[2163]The Gods had their Momus, Homer his Zoilus, Achilles
his Thersites, Philip his Demades: the Caesars
themselves in Rome were commonly taunted. There
was never wanting a Petronius, a Lucian in those times,
nor will be a Rabelais, an Euphormio, a Boccalinus
in ours. Adrian the sixth pope [2164]was so highly
offended, and grievously vexed with pasquillers at
Rome, he gave command that his statue should be demolished
and burned, the ashes flung into the river Tiber,
and had done it forthwith, had not Ludovicus Suessanus,
a facete companion, dissuaded him to the contrary,
by telling him, that pasquil’s ashes would turn
to frogs in the bottom of the river, and croak worse
and louder than before,—
genus irritabile
vatum, and therefore [2165]Socrates in Plato adviseth
all his friends, “that respect their credits,
to stand in awe of poets, for they are terrible fellows,
can praise and dispraise as they see cause.”

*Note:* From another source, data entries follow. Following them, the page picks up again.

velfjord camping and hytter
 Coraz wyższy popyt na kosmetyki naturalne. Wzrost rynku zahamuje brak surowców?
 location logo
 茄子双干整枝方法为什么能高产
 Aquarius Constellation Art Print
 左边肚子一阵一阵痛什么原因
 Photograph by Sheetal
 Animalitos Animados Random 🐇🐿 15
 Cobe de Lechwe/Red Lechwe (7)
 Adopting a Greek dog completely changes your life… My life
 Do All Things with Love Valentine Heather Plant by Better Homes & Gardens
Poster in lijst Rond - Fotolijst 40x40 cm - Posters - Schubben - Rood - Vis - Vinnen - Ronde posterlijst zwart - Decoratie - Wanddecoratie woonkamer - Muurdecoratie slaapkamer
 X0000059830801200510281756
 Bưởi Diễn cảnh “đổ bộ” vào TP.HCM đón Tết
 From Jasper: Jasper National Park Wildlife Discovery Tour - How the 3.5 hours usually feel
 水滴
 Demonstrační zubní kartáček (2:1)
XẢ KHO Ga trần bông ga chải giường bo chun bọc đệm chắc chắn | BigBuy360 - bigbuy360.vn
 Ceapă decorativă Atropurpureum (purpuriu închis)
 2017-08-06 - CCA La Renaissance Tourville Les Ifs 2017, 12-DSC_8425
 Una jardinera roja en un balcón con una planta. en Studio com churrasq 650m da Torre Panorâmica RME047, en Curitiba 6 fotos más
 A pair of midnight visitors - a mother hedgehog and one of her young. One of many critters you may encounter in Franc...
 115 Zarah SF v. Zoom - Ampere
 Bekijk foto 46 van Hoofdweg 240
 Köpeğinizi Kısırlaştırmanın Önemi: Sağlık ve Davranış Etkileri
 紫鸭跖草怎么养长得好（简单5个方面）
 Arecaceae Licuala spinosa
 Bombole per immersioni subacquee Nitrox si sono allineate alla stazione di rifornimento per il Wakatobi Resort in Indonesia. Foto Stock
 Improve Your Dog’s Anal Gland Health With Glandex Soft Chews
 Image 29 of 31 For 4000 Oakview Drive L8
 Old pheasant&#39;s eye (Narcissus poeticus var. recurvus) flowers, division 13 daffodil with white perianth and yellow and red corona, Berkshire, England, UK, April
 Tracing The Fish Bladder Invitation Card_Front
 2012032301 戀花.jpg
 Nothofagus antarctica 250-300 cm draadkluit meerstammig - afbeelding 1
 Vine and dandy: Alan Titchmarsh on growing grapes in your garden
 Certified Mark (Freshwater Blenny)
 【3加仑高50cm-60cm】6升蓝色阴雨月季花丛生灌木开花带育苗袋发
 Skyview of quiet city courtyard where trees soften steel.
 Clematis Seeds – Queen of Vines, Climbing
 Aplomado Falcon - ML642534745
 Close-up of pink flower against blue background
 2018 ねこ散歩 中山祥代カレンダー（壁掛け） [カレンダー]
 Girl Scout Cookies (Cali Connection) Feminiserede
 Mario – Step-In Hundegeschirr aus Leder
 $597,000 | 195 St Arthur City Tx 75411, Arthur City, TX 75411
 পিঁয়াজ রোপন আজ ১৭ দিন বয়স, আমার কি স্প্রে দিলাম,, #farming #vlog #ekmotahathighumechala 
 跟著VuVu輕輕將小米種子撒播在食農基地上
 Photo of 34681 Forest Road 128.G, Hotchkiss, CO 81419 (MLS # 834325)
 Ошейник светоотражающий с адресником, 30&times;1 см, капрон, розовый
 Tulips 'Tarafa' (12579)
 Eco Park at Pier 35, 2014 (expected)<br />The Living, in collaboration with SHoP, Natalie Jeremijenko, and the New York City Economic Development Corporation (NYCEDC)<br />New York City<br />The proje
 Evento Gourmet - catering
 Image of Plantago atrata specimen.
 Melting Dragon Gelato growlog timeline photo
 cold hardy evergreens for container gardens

Hinc quam sit calamus saevior ense patet.
The prophet David complains, Psalm cxxiii. 4. “that
his soul was full of the mocking of the wealthy, and
of the despitefulness of the proud,” and Psalm
lv. 4. “for the voice of the wicked, &c., and
their hate: his heart trembled within him, and
the terrors of death came upon him; fear and horrible
fear,” &c., and Psal. lxix. 20. “Rebuke
hath broken my heart, and I am full of heaviness.”
Who hath not like cause to complain, and is not so
troubled, that shall fall into the mouths of such
men? for many are of so [2166]petulant a spleen; and
have that figure Sarcasmus so often in their mouths,
so bitter, so foolish, as [2167]Balthazar Castilio
notes of them, that “they cannot speak, but they
must bite;” they had rather lose a friend than
a jest; and what company soever they come in, they
will be scoffing, insulting over their inferiors,
especially over such as any way depend upon them, humouring,
misusing, or putting gulleries on some or other till
they have made by their humouring or gulling [2168]_ex
stulto insanum_, a mope or a noddy, and all to make
themselves merry:
[2169] ------“dummodo risum
Excutiat sibi; non hic cuiquam parcit amico;”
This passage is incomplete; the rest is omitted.